I am torn. I am an anxious person so I am always fearing the worst, which is a species of pessimism. But I also admire what human beings have achieved, love nature, and have a religious faith - so my philosophic stance is optimistic.


----------



## Bulldog (Nov 21, 2013)

I tend to be an eternal optimist although I have days when I feel the world is falling apart.


----------



## starthrower (Dec 11, 2010)

Remember that saying that emerged 15 or 20 years ago? "I used to have faith in humanity but then I got the internet." It's a great tool for intelligent people with noble intentions but there's a huge downside that requires no elaboration here. 

My other major worry is the intensity of problems and issues that must be faced and dealt with in my country and around the world with very little moral or courageous leadership. This is exacerbated by the 24 hour news business bombarding the public with catastrophes, political corruption, and every other kind of negative stimuli filling people with a feeling of powerlessness and despair. And we apply the salve of consumerism to ease the pain. But I'm optimistic in the fact that real life and society is incredibly dynamic and diverse and anything can happen, good or bad.


----------



## Highwayman (Jul 16, 2018)

I`m pessimistic for the country and region I live in.

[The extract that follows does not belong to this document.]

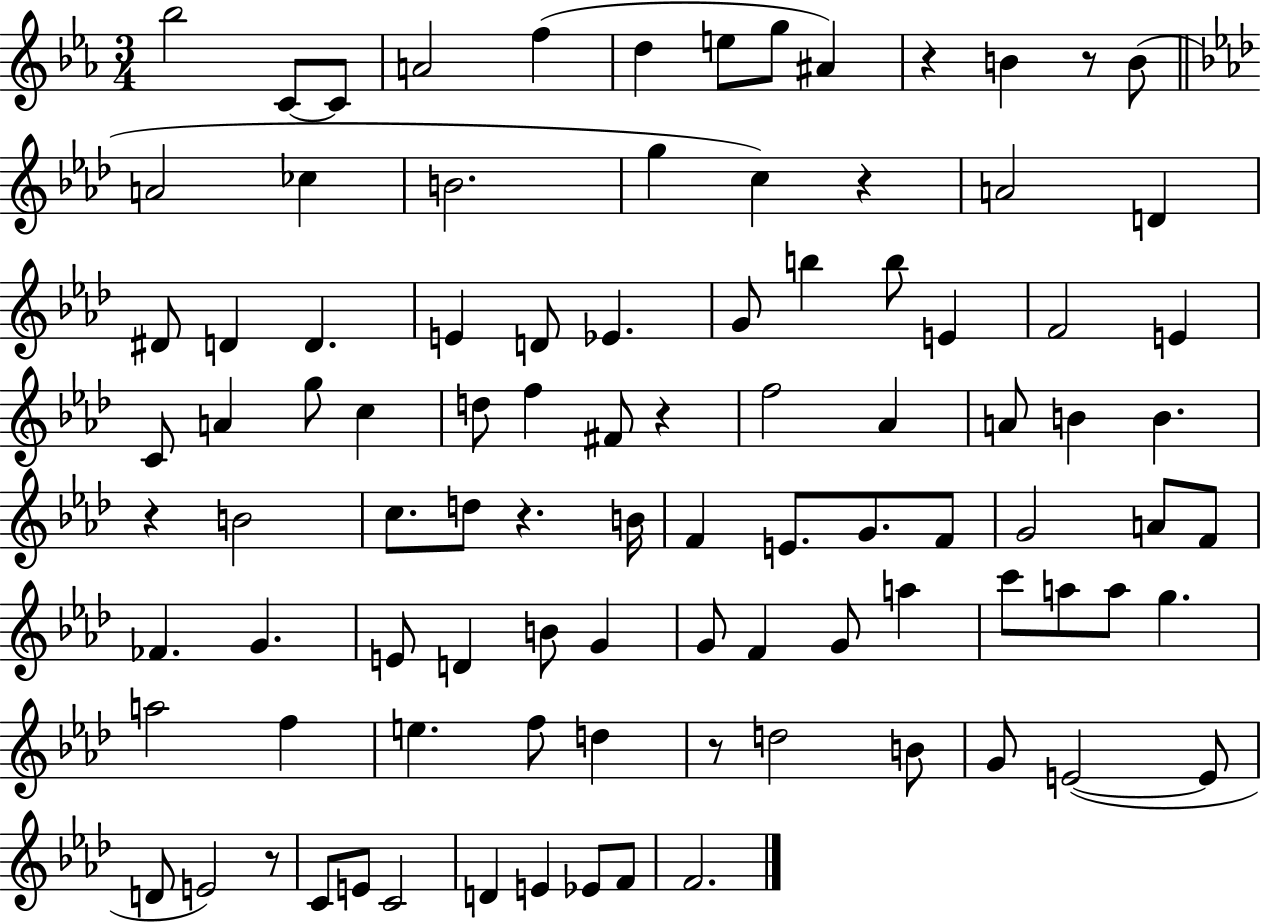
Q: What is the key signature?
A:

I cannot possibly imagine any happy endings. 

I`m neutral for the well-being of the humanity in general as there are too many variables.

I`m optimistic for my own life as I`ve the ability to put a psychological distance with myself and the geographical reality I live in. As long as I can listen to some music or read some book, I`ll be fine.


----------



## progmatist (Apr 3, 2021)

I see a glass as neither half empty nor half full. I simply see half a glass of water.


----------



## Phil loves classical (Feb 8, 2017)

Used to be pessimistic. Now an optimist. When you think objectively, it's really neutral, and all a matter of perspective. But I think that is the power of life, that you can make it (or at least see it) the way you want it to be, and you wouldn't be wrong.


----------



## amfortas (Jun 15, 2011)

If I weren't such an exuberant, happy-go-lucky optimist, I would have killed myself long ago.


----------



## Bwv 1080 (Dec 31, 2018)

Couchie said:


> You can consider both your own personal life, and the evaluation of the human condition of life as a whole based on your understanding of science, philosophy, or history.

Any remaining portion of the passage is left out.